The two first British mosques were established in 1889 in Liverpool and Woking, and women played a major contribution to the communities that helped to set up these mosques. But you wouldn’t necessarily know it. Indeed, women’s contributions throughout history are consistently forgotten – often lost so the past becomes “his story”. I hope my new research will play a part in changing this.
I used archive material linked to the two earliest British mosques to examine the everyday lives of women in these historical communities. This research presents a coherent and compelling narrative of women’s lives and roles as contributors and leaders of their communities.

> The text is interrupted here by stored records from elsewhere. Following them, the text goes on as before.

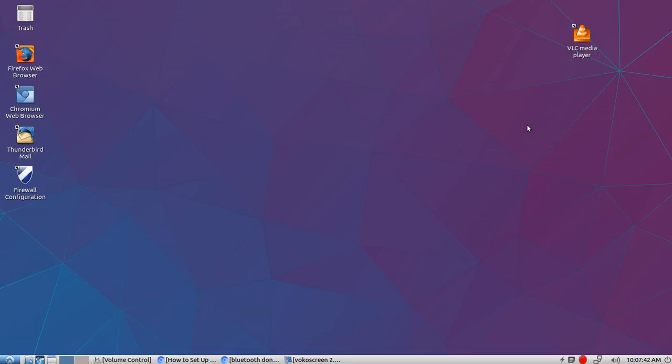Okay everyone, thanks for coming back to my channel. What we're going to talk about today is Bluetooth and how you can put it on the Lubuntu or Ubuntu desktop.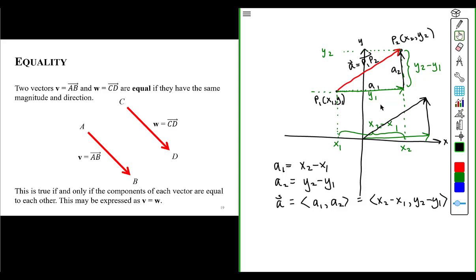This is where we could say that two vectors — vector V connecting points A and B, and another vector W connecting points C and D — are equal if they have the same magnitude and direction. And this is true if and only if the components of each vector are equal to each other.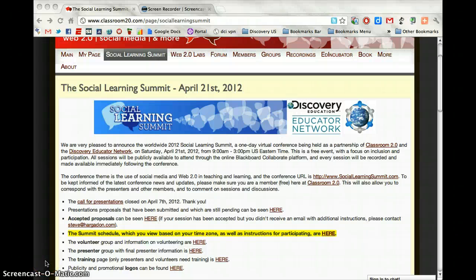We are at the Social Learning Summit website, sociallearningsummit.com. This is the conference website. The conference is a partnership between Discovery Education and the Discovery Educator Network, along with Classroom 2.0. The conference takes place on Saturday, April 21, 2012.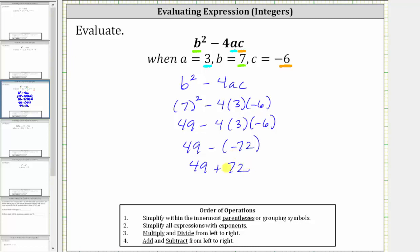I do want to mention, if we go back up to this line here, we could think of this product as negative four times positive three times negative six, which is positive 72, giving us plus 72 here, skipping this step.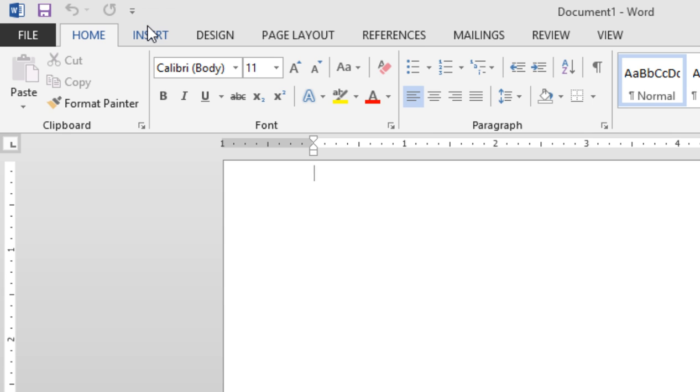The easiest way to add a button is to find it on the ribbon, right-click, and add to Quick Access Toolbar.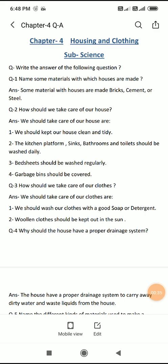How should we take care of our house? Hame apne ghar ki dekh bhal kis tariqe se karni chahiye? We should take care of our house in the following ways: We should keep our house clean and tidy. Hame apne ghar ko saaf sucha rakhna chahiye. The kitchen platform, sinks, bathroom, and toilet should be washed daily. Hame kitchen ke platform ko, sink ko, bathroom ko, aur toilet ko daily wash karna chahiye.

Women in these communities were usually middle-class converts, who encountered Islam through travel, mosque publications or public lectures. They lived in an environment that viewed Islam and Muslims with suspicion and ridicule. British Muslims were perceived as “loyal enemies” and “infidels within” the society of that time.
At both the Liverpool and Woking mosques, women were included in Eid celebrations, debates and other events. The women at the Liverpool mosque also ran a home for the city’s “destitute” children, which was established in January 1897.
Women wrote for mosque publications, which also celebrated women’s achievements. In January 1895, the Liverpool Mosque newsletter noted that Mrs Zubeida Ali Akbar had the honour of being presented to the Queen. On March 20 1895, it noted that Miss Teyba Bilgrami, “a young Mahommedan lady of Hyderabad”, had passed the first exam in the arts at Madras University.
Refreshments and entertainment
Women were nearly always in charge of refreshments and “entertainment” at mosque events, including an annual Christmas breakfast that the Liverpool Muslim Institute organised. Women were initially excluded from the literary and debating society – this being only for “young men”. Then in March 1896, for the first time a woman, Rosa Warren, gave a talk on the poet Henry Wadsworth Longfellow .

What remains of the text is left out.